*Originally Posted: January 18, 2009*
I just made it home from one of my more enjoyable trips up to Redding, and am now taking a second to reflect on one particular conversation that I had.
Right before I left… my Mom said something to me that managed to sneak underneath my barrier of chains and through the wall that hides my heart from the world. After watching a video about the benefits of EFT (emotional freedom technique), she gave me a hug and said, “Caty you don’t have to be perfect. You’re pretty close already, but you don’t have to be perfect.” And with that statement I started to cry. Hard.
I don’t think she knows (though she probably will now), but my entire life I’ve always felt pressure to be perfect. It started as me being a little girl and just wanting to be the best for Mommy and Daddy so that they could be proud of me… so that there wouldn’t be any reason to be mad at me, and so our family wouldn’t fight. As I grew up it got to the point where everyone expected me to be perfect, and so I was. I got straight A’s. I won the beauty pageants and talent shows. I dated the Varsity quarterback. I drove a Mustang. I was tall, had a great face, and a killer figure. I was Captain of the basketball and swim teams. I got in to a bunch of different colleges. I graduated college, with honors, in 4 years. I never did drugs. I have a decent job that is salaried and has benefits. I have my own apartment and a dog.

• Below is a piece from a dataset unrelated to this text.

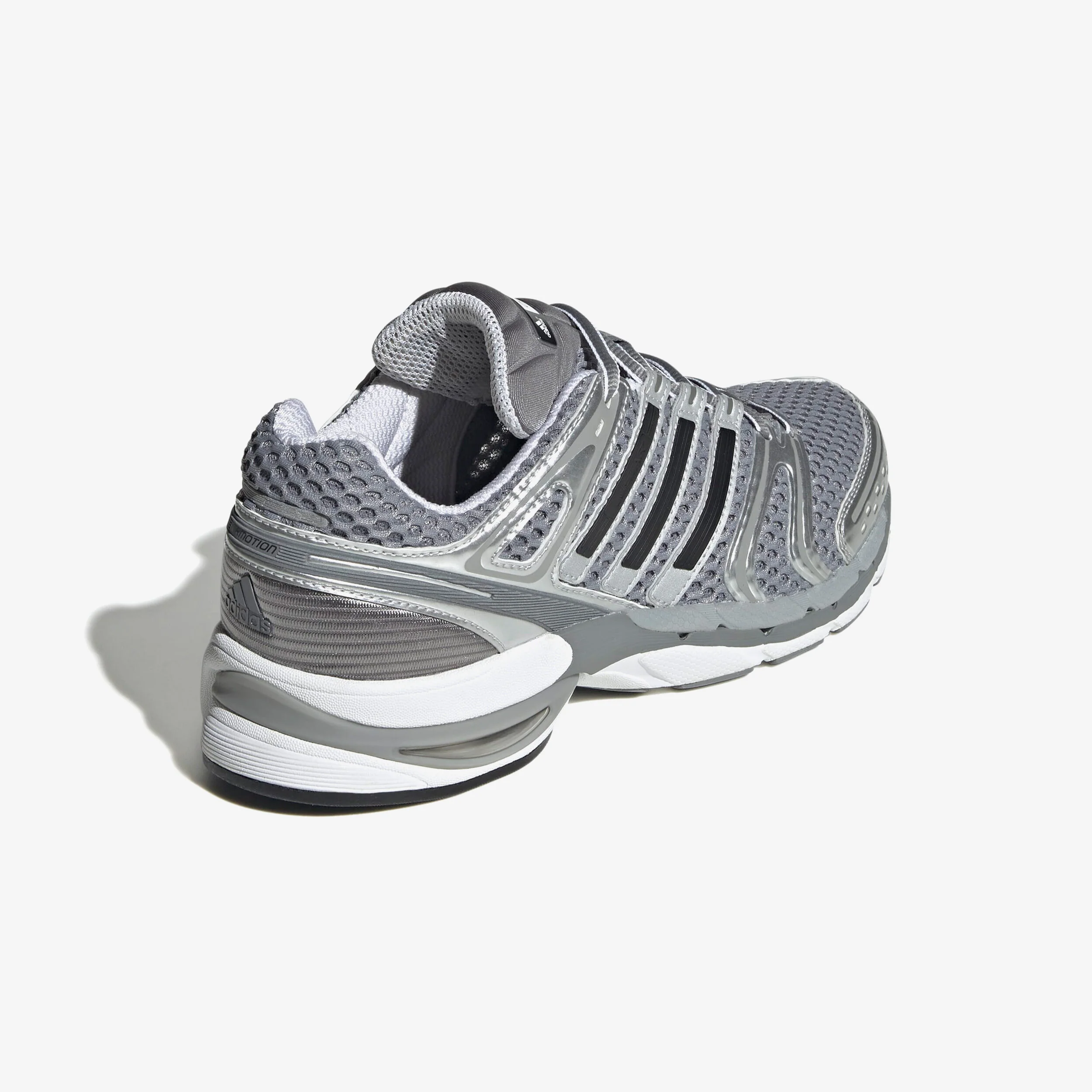 Adistar Control 5 - Image 3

How many other kids at the age of 22 can say that? Pretty close to perfect, huh?
Up until tonight (well last night, now) at 6:00 pm, I’ve always been under this subconscious pressure to be, “perfect.” I think inside I kind of know why I succombed to the pressure, rather than tell the world to eff-off, but I’m not ready to publish that yet. And I don’t know that I ever will. Maybe it will get published in my book, but who knows. I think I still have some investigating to do about the feelings and thoughts of perfection before I can fully explain why I struggled to be perfect for so long.

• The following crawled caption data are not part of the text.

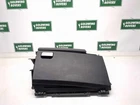 05-09 Land Rover LR3 Glove Box Assembly Both Upper Lower Used. Price: $185.26.
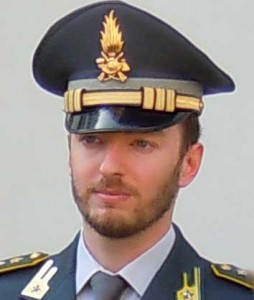 Cap-Roberto-Pollari-GdF-Velletri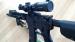 Anderson AR15 .223 16-palcova hlaveň  - Predaj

Now, the effects of this conversation doesn’t mean that I’m going to experiment with drugs (I’ve never had that desire), or that I’m going to run away to India and study meditation (I really like my house), or that I’m going to quit my job in order to do start my own business (well, I may end up doing that…). The point is that I’m not sure why I needed Mom’s permission to not be perfect, but I feel much better about just being me now that I have it.
Mom, thank you from releasing me from the chains that I feel I have been locked in for my entire life. I really don’t want to be perfect any more… for now I just want to learn to be me. I love you.